-- Opening Marker --
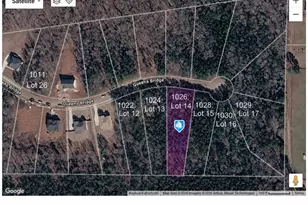 1026 Queens Bridge Way, Griffin, GA 30223 - Photo 1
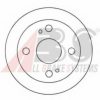 TOYOT 4243112070 Brake Disc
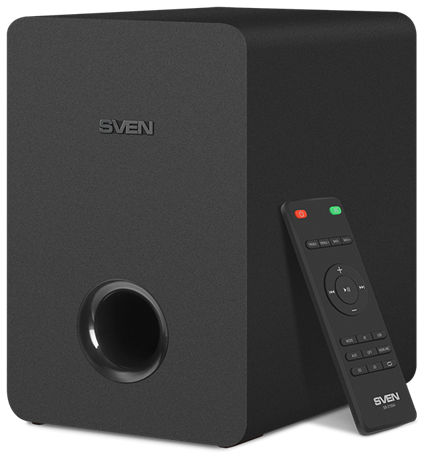 фото: Акустика SVEN SB-2150A
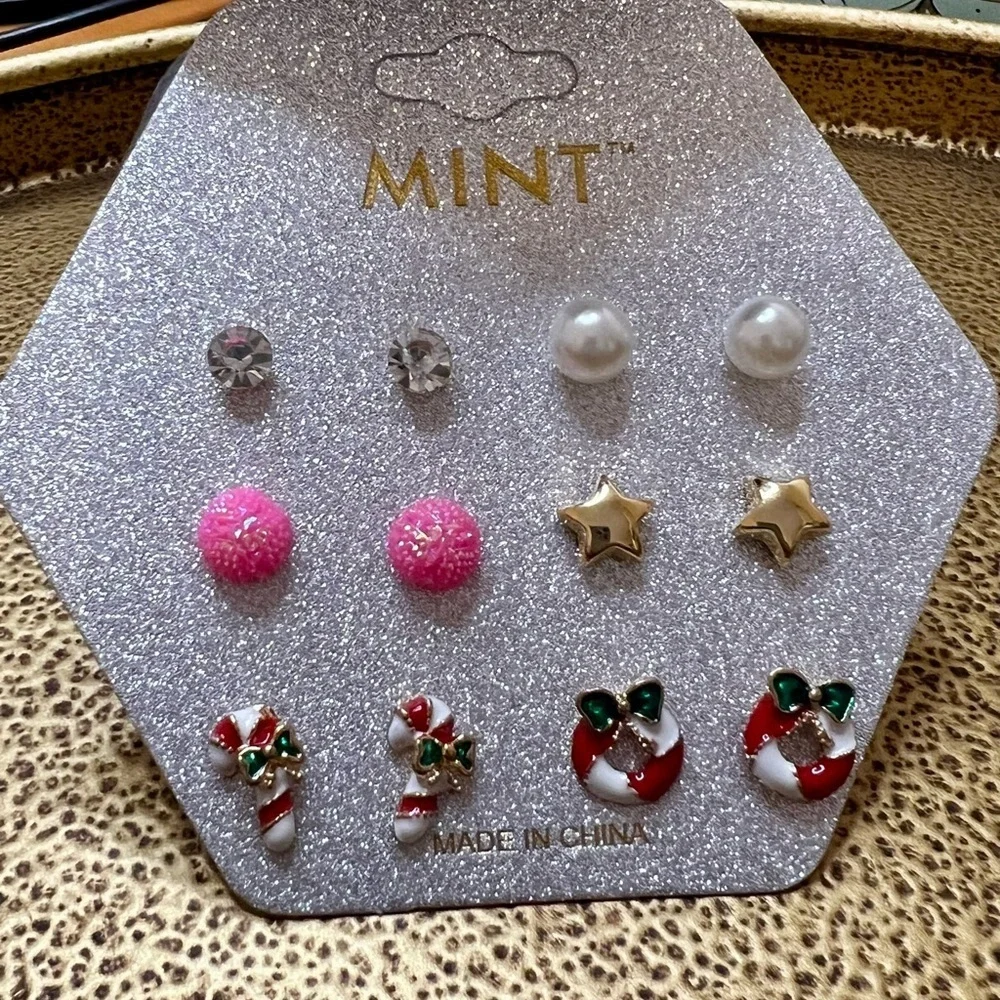 Mint new packaging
-- Closing Marker --
● Exercise description: The lines from the one containing "TOYOT 4243112070 Brake Disc" through the end of the data above are to be copied exactly, both ends included, and pictures are to be omitted.

● Task response:
 TOYOT 4243112070 Brake Disc
 фото: Акустика SVEN SB-2150A
 Mint new packaging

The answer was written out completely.